• [Work request]
In the records that follow, the lines from the one containing "Zielona sukienka w" to the one containing "Veteran Steve Coombs", inclusive, are to be given again exactly.

Stored data START

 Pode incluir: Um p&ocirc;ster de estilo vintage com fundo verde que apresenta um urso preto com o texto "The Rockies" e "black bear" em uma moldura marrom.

Stored data END
Stored data START

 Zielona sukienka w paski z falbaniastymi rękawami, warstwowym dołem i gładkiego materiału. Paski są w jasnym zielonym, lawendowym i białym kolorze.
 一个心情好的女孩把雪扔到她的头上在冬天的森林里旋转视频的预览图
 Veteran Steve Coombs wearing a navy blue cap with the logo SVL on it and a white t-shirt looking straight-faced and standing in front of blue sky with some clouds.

Stored data END
Stored data START

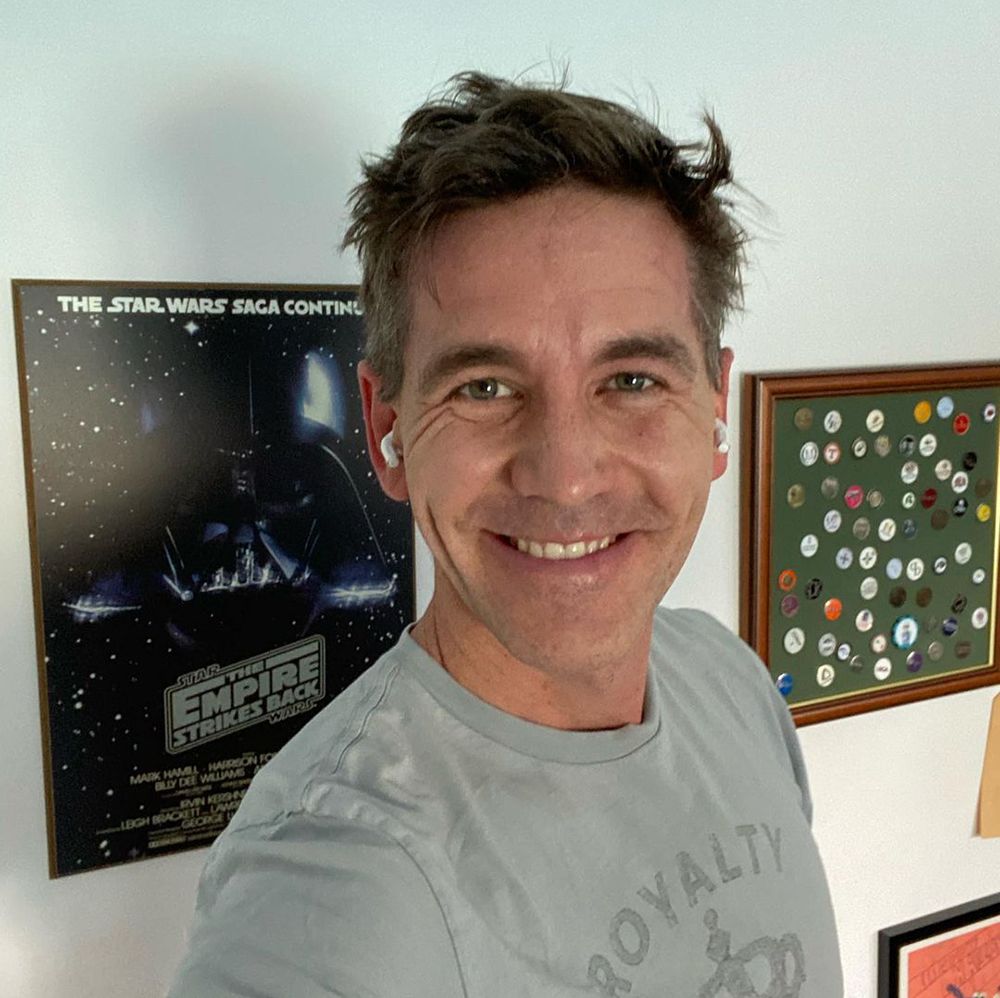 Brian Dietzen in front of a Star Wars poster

Stored data END

• [Response area]
 Zielona sukienka w paski z falbaniastymi rękawami, warstwowym dołem i gładkiego materiału. Paski są w jasnym zielonym, lawendowym i białym kolorze.
 一个心情好的女孩把雪扔到她的头上在冬天的森林里旋转视频的预览图
 Veteran Steve Coombs wearing a navy blue cap with the logo SVL on it and a white t-shirt looking straight-faced and standing in front of blue sky with some clouds.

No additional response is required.